Data excerpts
+++

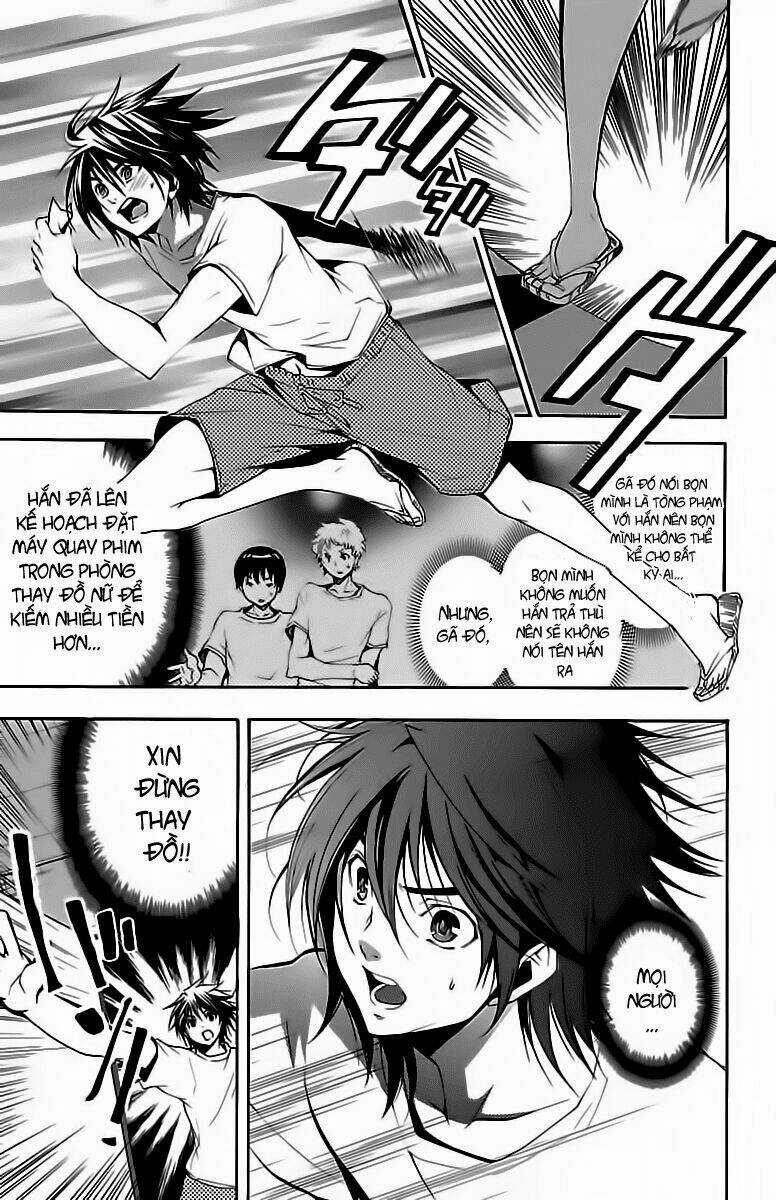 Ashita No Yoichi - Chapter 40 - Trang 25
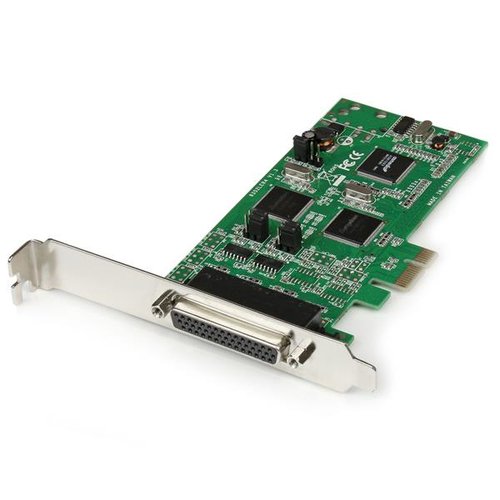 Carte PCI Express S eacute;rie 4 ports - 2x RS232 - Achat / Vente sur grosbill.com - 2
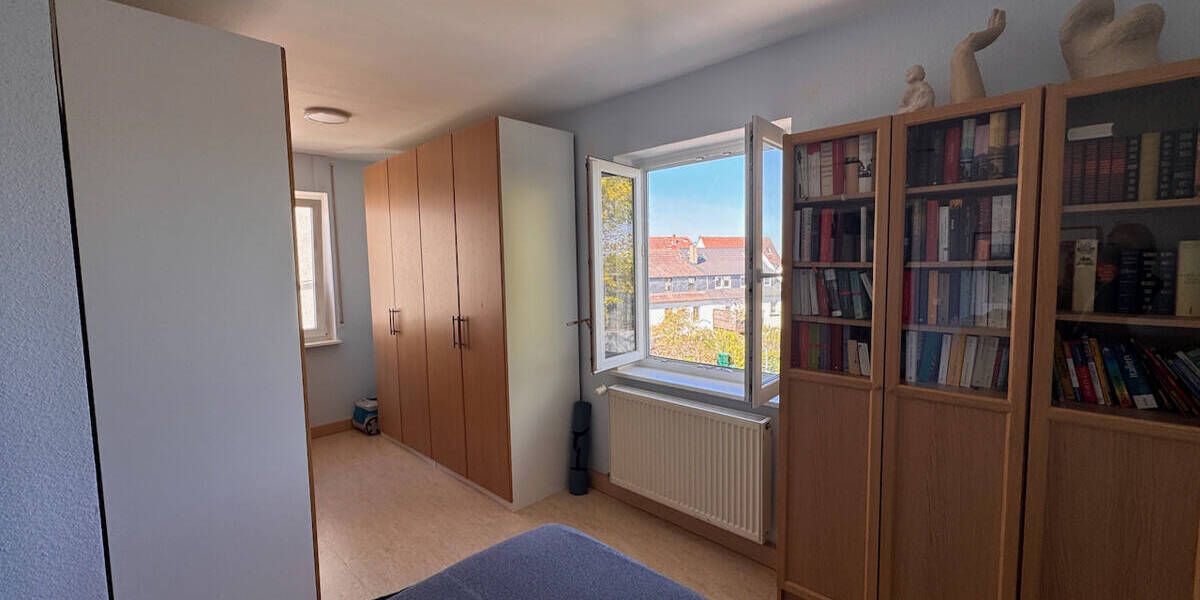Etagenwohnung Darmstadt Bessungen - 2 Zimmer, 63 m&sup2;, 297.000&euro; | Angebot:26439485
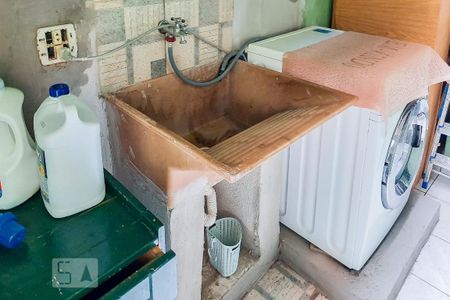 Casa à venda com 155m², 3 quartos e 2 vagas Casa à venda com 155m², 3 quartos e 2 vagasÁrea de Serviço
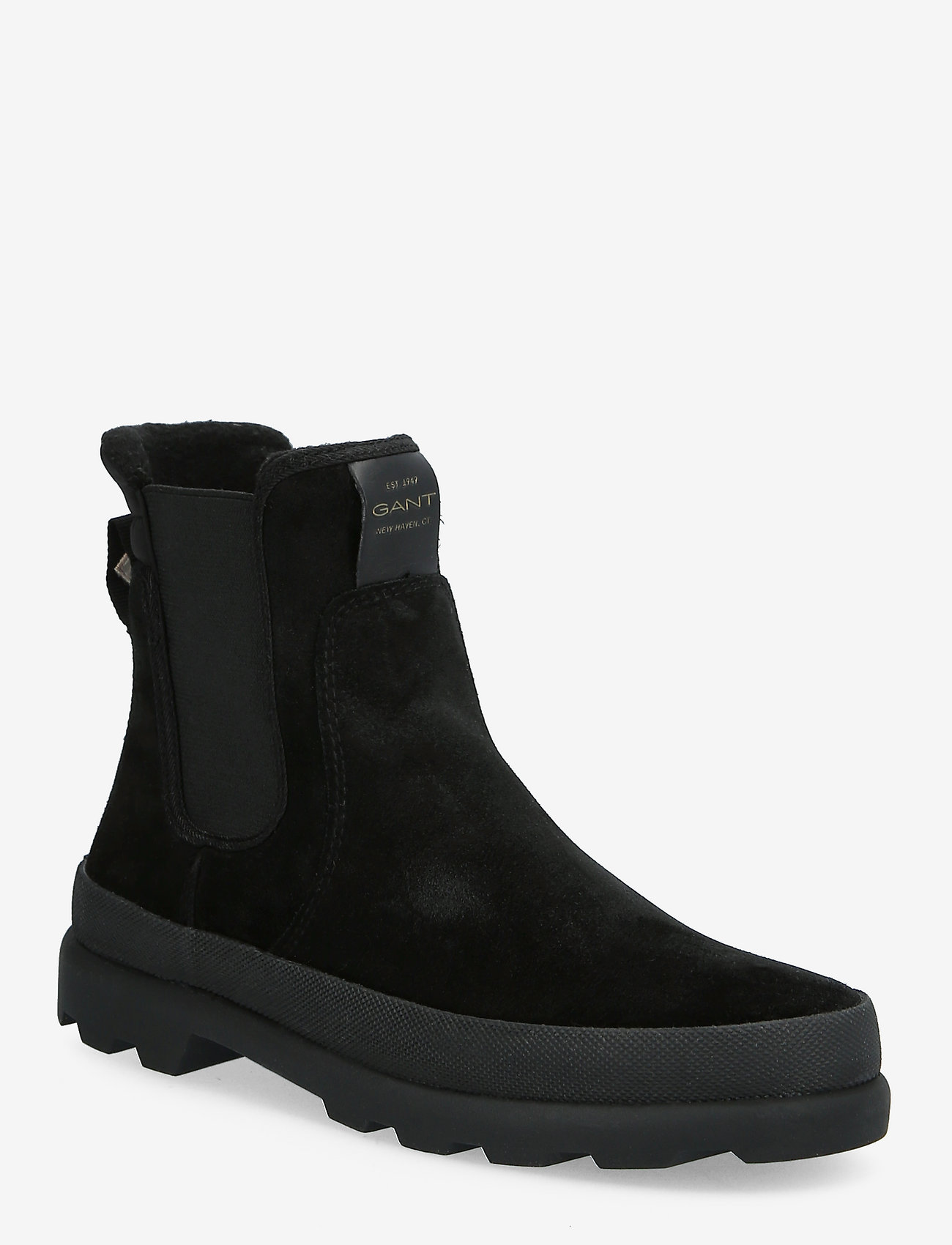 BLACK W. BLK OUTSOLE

+++

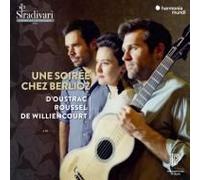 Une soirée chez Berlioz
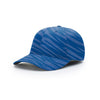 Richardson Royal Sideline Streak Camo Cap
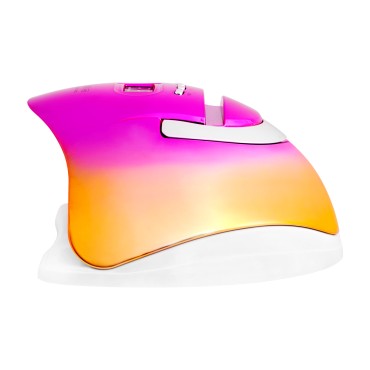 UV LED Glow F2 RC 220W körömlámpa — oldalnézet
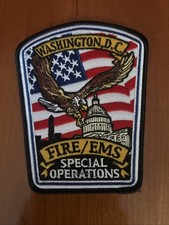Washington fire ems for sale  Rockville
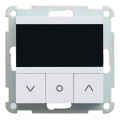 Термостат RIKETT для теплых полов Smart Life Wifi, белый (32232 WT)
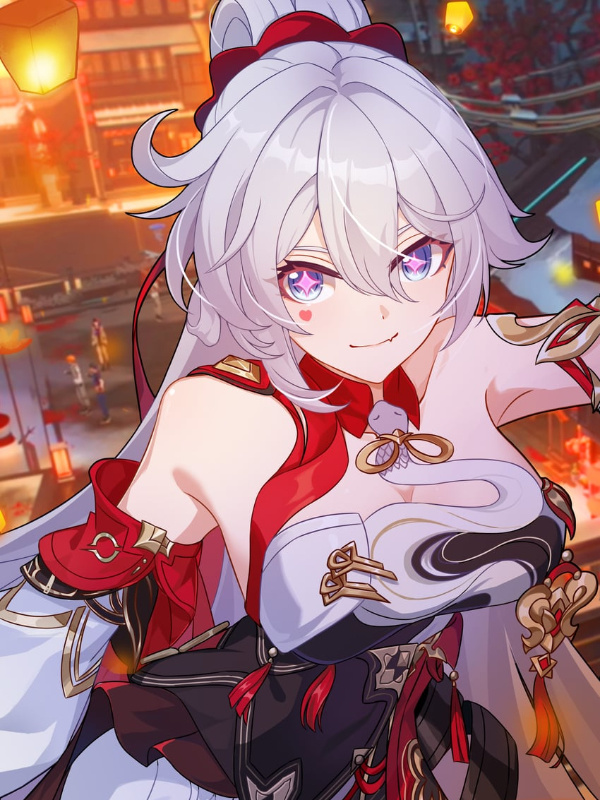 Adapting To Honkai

+++

TASK REQUIREMENTS: Leaving out each picture, repeat exactly the lines above from the one that contains "Carte PCI Express" through the one that contains "BLACK W. BLK OUTSOLE".

SOLUTION FOR THIS TASK:
 Carte PCI Express S eacute;rie 4 ports - 2x RS232 - Achat / Vente sur grosbill.com - 2
Etagenwohnung Darmstadt Bessungen - 2 Zimmer, 63 m&sup2;, 297.000&euro; | Angebot:26439485
 Casa à venda com 155m², 3 quartos e 2 vagas Casa à venda com 155m², 3 quartos e 2 vagasÁrea de Serviço
 BLACK W. BLK OUTSOLE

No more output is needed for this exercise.